WHAT IS BEING ASKED - Below are the records. Retype exactly the lines between the lines holding "разумихин: характеристика персонажа" and "Спрос и предложение", inclusive.

EXERCISE INPUTS -
────
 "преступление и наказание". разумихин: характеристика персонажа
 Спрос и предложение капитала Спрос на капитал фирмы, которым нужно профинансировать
────
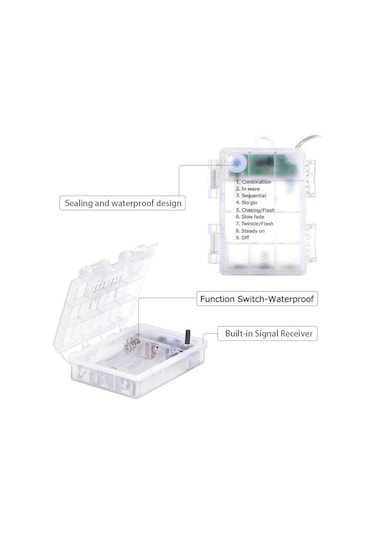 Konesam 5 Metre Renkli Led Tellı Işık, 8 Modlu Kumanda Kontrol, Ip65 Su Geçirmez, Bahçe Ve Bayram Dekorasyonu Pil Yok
────
SOLUTION TO THE PROBLEM -
 "преступление и наказание". разумихин: характеристика персонажа
 Спрос и предложение капитала Спрос на капитал фирмы, которым нужно профинансировать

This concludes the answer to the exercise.